▶ Extracted records:
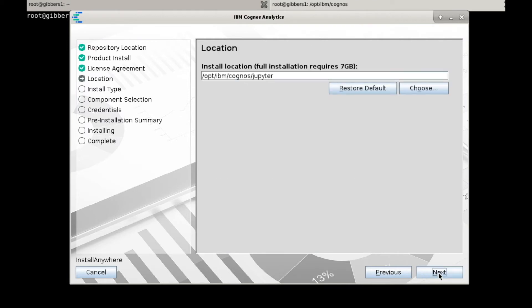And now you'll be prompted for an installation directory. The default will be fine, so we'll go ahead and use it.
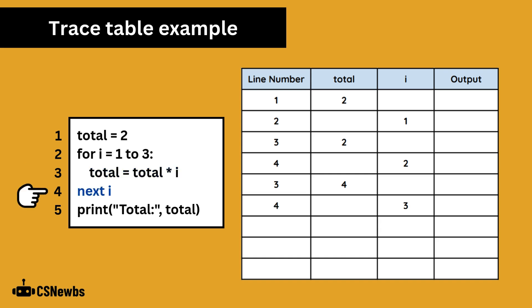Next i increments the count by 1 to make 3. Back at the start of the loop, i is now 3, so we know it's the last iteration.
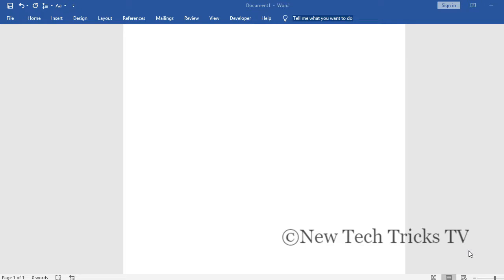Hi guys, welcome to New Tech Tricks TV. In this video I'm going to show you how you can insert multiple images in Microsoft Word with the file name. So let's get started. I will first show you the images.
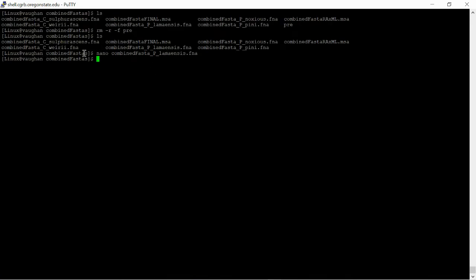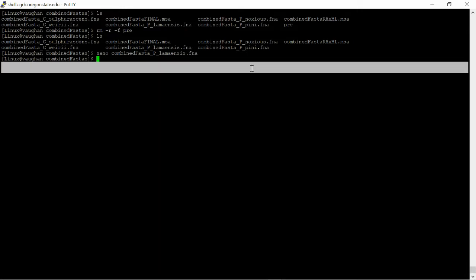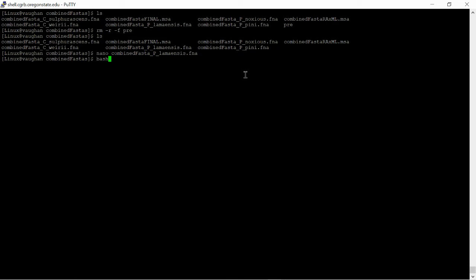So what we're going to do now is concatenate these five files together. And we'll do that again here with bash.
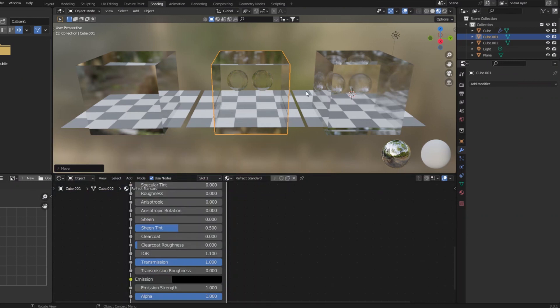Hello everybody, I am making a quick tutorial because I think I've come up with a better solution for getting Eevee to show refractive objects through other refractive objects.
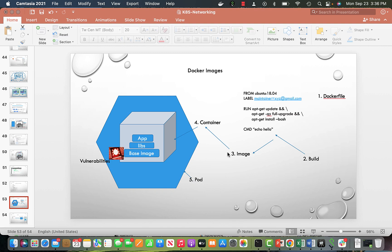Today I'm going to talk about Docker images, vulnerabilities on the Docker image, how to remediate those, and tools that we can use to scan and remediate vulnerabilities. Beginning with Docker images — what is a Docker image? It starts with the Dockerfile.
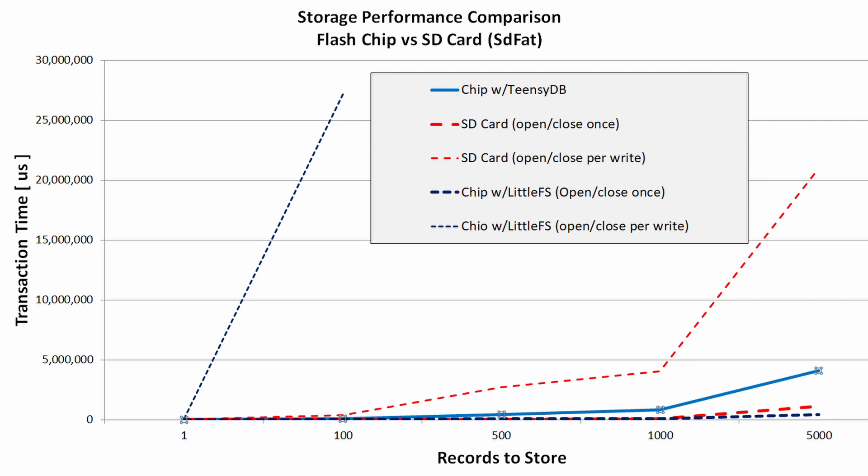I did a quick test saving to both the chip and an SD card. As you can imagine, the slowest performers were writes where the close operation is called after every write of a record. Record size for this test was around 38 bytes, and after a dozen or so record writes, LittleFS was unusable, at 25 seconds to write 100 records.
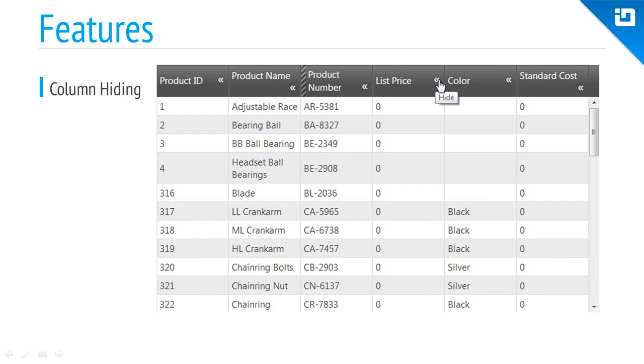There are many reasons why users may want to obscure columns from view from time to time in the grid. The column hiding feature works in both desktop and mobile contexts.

▶ Required action: Would you retype all the lines shown above, exactly as written and without any picture?

▶ Written response:
And now you'll be prompted for an installation directory. The default will be fine, so we'll go ahead and use it.
Next i increments the count by 1 to make 3. Back at the start of the loop, i is now 3, so we know it's the last iteration.
Hi guys, welcome to New Tech Tricks TV. In this video I'm going to show you how you can insert multiple images in Microsoft Word with the file name. So let's get started. I will first show you the images.
So what we're going to do now is concatenate these five files together. And we'll do that again here with bash.
Hello everybody, I am making a quick tutorial because I think I've come up with a better solution for getting Eevee to show refractive objects through other refractive objects.
Today I'm going to talk about Docker images, vulnerabilities on the Docker image, how to remediate those, and tools that we can use to scan and remediate vulnerabilities. Beginning with Docker images — what is a Docker image? It starts with the Dockerfile.
I did a quick test saving to both the chip and an SD card. As you can imagine, the slowest performers were writes where the close operation is called after every write of a record. Record size for this test was around 38 bytes, and after a dozen or so record writes, LittleFS was unusable, at 25 seconds to write 100 records.
There are many reasons why users may want to obscure columns from view from time to time in the grid. The column hiding feature works in both desktop and mobile contexts.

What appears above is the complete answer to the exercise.